Any and all suggestions please!


----------



## Juneplum (Sep 1, 2006)

loreal h.i.p has pigments too tho i've never tried them..


----------



## ebonyannette (Sep 1, 2006)

Milani has some loose eyeshadow as well


----------



## jessiekins1 (Sep 1, 2006)

stila, mufe, annabelle, l'oreal, pure luxe, aromaleigh....


----------



## pumpkincat210 (Sep 1, 2006)

thanks.. runs of to look at them now..


----------



## eowyn797 (Sep 1, 2006)

you might also want to check out Belle Pierre...you have to e-mail them for locations near you, but persoanlly, i think they are AWESOME. the pigmentation is insane. everything they have is loose mineral powders and it's all very nice. i have their...i think it's called "Fabulous" 9-stack and i use it every day. the red they have is exactly like Accent Red on me.


----------



## eye_pr0mise (Sep 1, 2006)

Quote:

   Originally Posted by *Juneplum* 
_loreal h.i.p has pigments too tho i've never tried them.._

 
yea are these new .. i just noticed them yesterday when i was reading a magazine. lOl ..


----------



## Caderas (Sep 2, 2006)

and of course everyone knew bombshell bath, but they recently changed their name to fyrinnae.  but here's the link to them!

http://www.fyrinnae.com/


----------



## hannahjohnson (Sep 2, 2006)

I have a couple of the L'Oreal HIP pigments... they're not too good... color payoff is crappy, and you have to kinda "crush" the flake-like pigments on your lid, which is difficult without getting flakes/crushed powder in your eye... kinda sucky, if you ask me. I have the light green and fuchsia color. PLUS they're like 10 bucks! wtf they're like 1/3 the size of a M.A.C pigment, and they aren't even filled up! agh! 

x/o hannah.

questions, comments about this?


----------



## pumpkincat210 (Sep 2, 2006)

Quote:

   Originally Posted by *hannahjohnson* 
_I have a couple of the L'Oreal HIP pigments... they're not too good... color payoff is crappy, and you have to kinda "crush" the flake-like pigments on your lid, which is difficult without getting flakes/crushed powder in your eye... kinda sucky, if you ask me. I have the light green and fuchsia color. PLUS they're like 10 bucks! wtf they're like 1/3 the size of a M.A.C pigment, and they aren't even filled up! agh! 

x/o hannah.

questions, comments about this?_

 
I rather liked them.  They seemed to go on buttery and stay as long as other pigments when I use a base.  I have the green, purple and pink one.  I just wish they'd have more odd colors, but they do have a green brown color that looks interesting.
As for the price, i agree you should get more, but the brush is okay so i can justify it.


----------



## glittergoddess27 (Sep 8, 2006)

truecolors.com

They have pure mica colorants,.. they have literally no talc so they are kinda dusty,.. but they look so good! And last a lifetime unless you only use 1 color all the time. Foil them and you will be knocked down amazed.


----------



## sweetsugar (Sep 10, 2006)

I love the Barry M Dazzle Dusts!! But I think these are only available in the UK.


----------



## bellaetoile (Sep 10, 2006)

the l'oreal h.i.p. pigments are entirely unimpressive. per gram, they actually end up costing quite a bit MORE than MAC pigments, and the color payoff, and blendability are far inferior to MAC, as well. the only thing i can say is that the colors are somewhat comparable, you can tell which ones l'oreal planned to market as alternative counterpart to actual MAC shades.

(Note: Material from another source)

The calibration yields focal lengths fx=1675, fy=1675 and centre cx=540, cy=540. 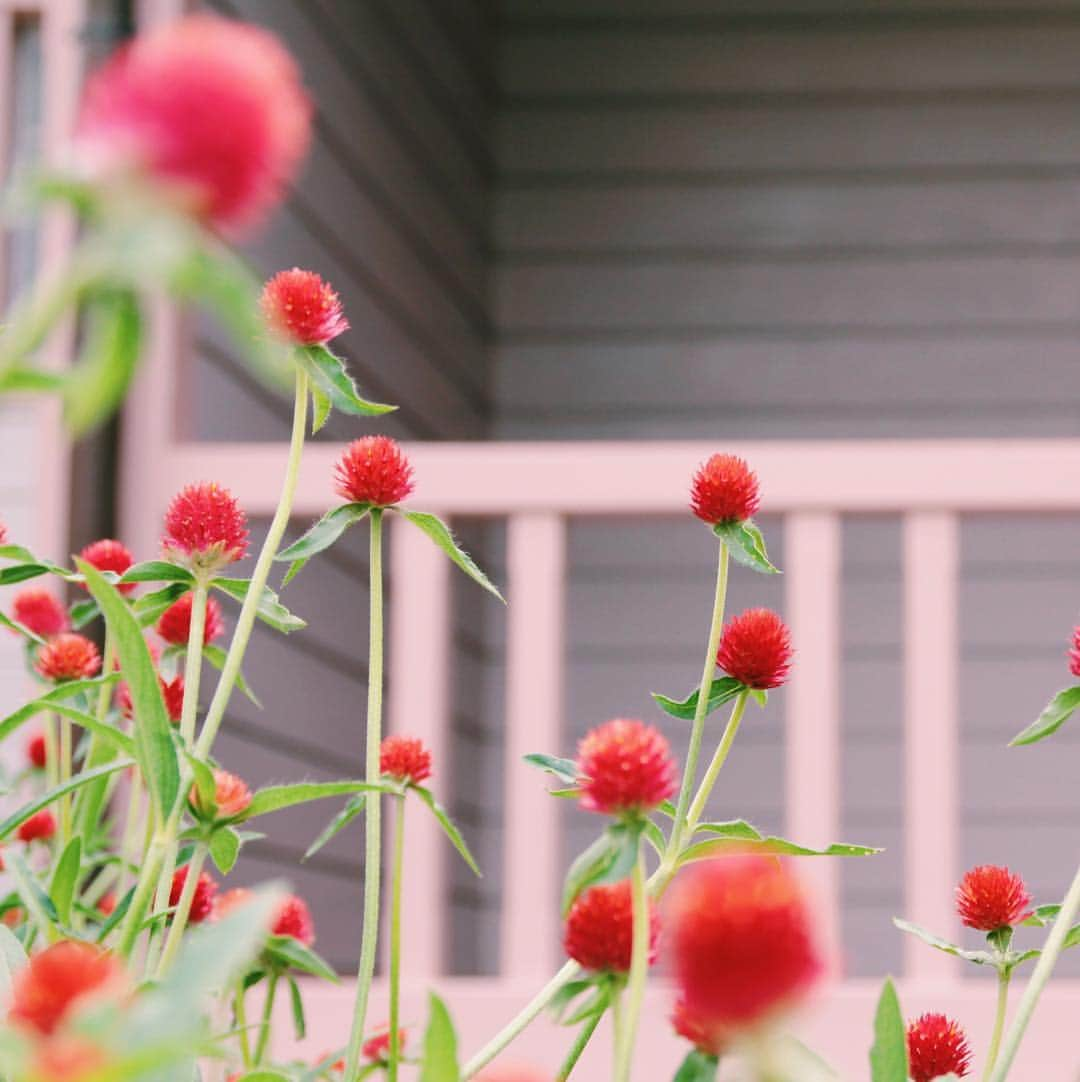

the only other loose pigment products i've liked have been the stila all-over shimmers, which come in a range of 15 shades or so. they're smaller containers, and they cost around $16 if i remember correctly. they have a bright blue, and a bright green, which are particularly of note.


----------



## Selenite (Sep 19, 2006)

Amphigory.com has loose pigments.


----------



## DaizyDeath (Sep 19, 2006)

Ben Nye Lumier Loose Powder
I love that stuff
8.00 for a little bit more then you get with a mac pig and they have awesome colors.


----------



## MACtastic (Sep 20, 2006)

3 words: MUFE Star Powders. 

These babies are incredible. I actually like them better than MAC pigments (sorry ladies!)


----------



## Selene (Sep 23, 2006)

*Products similar to MAC Pigments?*

What other loose powder products similar to MAC pigments have you tried?  Which ones have you liked, and which have you not liked, and why?  Please specify which colors you have tried.  There are so many brands out there, and I don't know which are the best.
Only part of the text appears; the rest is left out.